La Cour juge que les droits de liberté religieuse et de conscience sont effectivement enfreints par les directives du CPSO, mais que cette violation est justifiée afin d’assurer aux patients l’accès à tous les soins. L’Ontario devient ainsi la seule juridiction au monde qui impose une telle coercition sur les médecins, qui n’existe même pas en Belgique ni au Pays-Bas.

Ce jugement est fort surprenant et très décevant, mais ce combat n’est pas terminé.

Depuis des années nous argumentons contre l’euthanasie : d’abord pour prévenir sa légalisation, ensuite pour prévenir son implantation abusive et généralisée en tous lieux de notre système de santé. Jusqu’à maintenant, ces avertissements pouvaient facilement être mis en attente dans l’esprit des médecins, déjà fort occupés par les défis de la pratique médicale quotidienne.  Cependant ce jugement de la Cour, confirmant les directives coercitives du CPSO, nous projette dans une réalité radicalement différente, où la vie professionnelle des médecins est liée à des exigences inacceptables. Nous voyons maintenant l’urgence d’une stratégie réaliste : remplacer par voie démocratique ces personnes radicales qui nous représentent au sein de nos organisations- comme le CPSO- par des personnes au leadership modéré et éthiquement responsable.

Il existe une tendance, chez nos adversaires, à déprécier et diminuer le nombre substantiel des médecins qui ne veulent pas en toute conscience collaborer à l’AMM (aide médicale  mourir). Mais le fait que ce groupe n’ait pas réussi à arrêter la légalisation de l’euthanasie ne signifie pas que son nombre soit insignifiant ou que son importance peut être ignorée.

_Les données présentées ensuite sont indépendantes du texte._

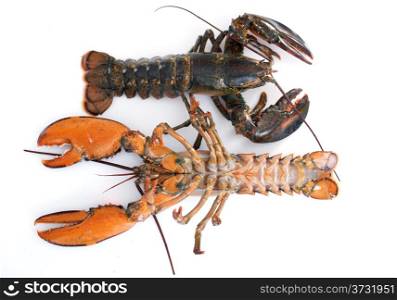 two lobsters in front of white background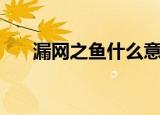 漏网之鱼什么意思（漏网之鱼的意思）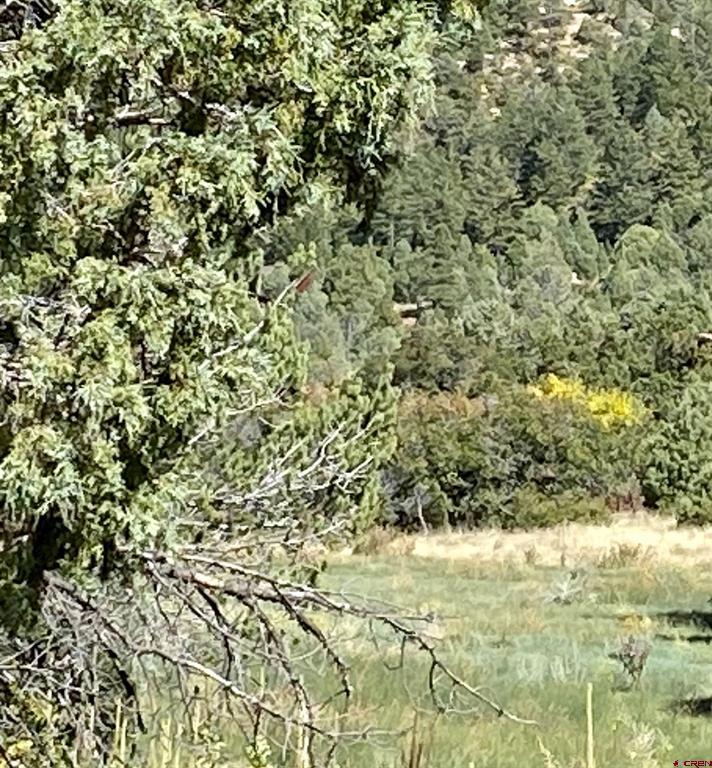 Tbd Road 46 Mancos CO 81328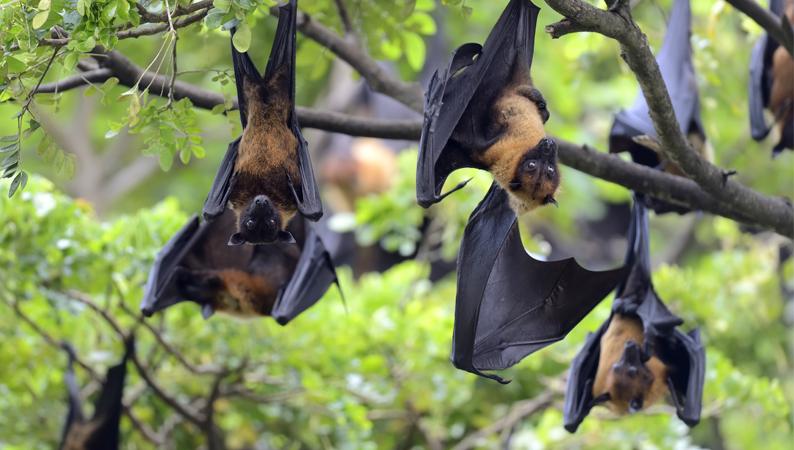 Nuit de la chauve-souris : mystère au crépuscule 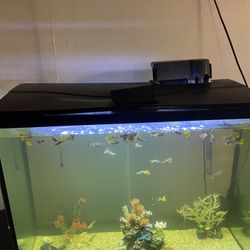 35 Gallon Fish Tank With Extra Filters And Glass Stand 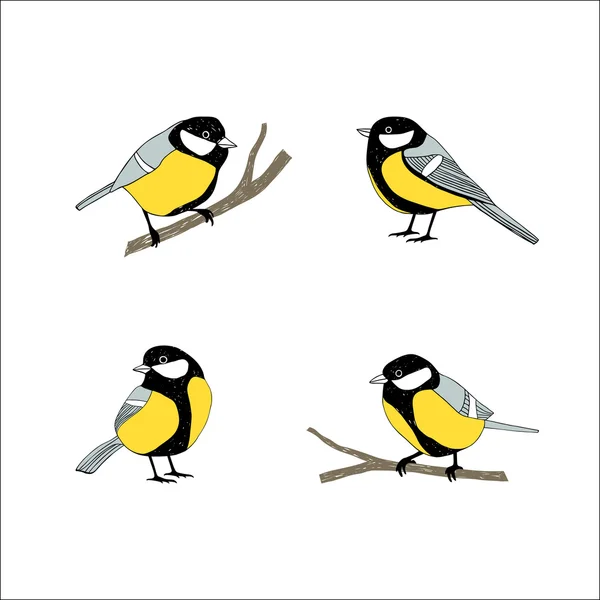 Birds sketch set. Tomtit. — Stock Vector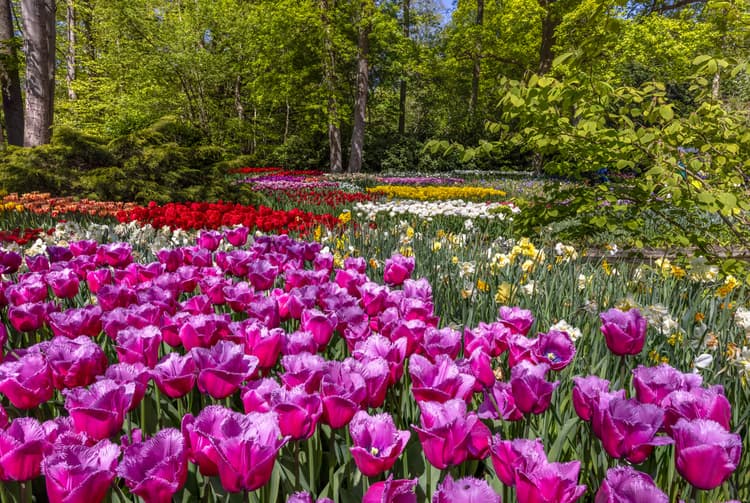 Kleurrijke Tulpenvelden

Il y a de très nombreuses tâches médicales plus pressantes que l’euthanasie,  et un nombre insuffisant de main-d’œuvre pour suffire à la tâche. Peu importe notre opinion personnelle, il est évident que tous, et chacun d’entre nous, sommes nécessaires pour servir la population efficacement. Et pourtant nous savons que plusieurs d’entre nous, praticiens actuels, ou ceux qui, nous l’espérons, feront la relève, seront repoussés par ces directives extrémistes.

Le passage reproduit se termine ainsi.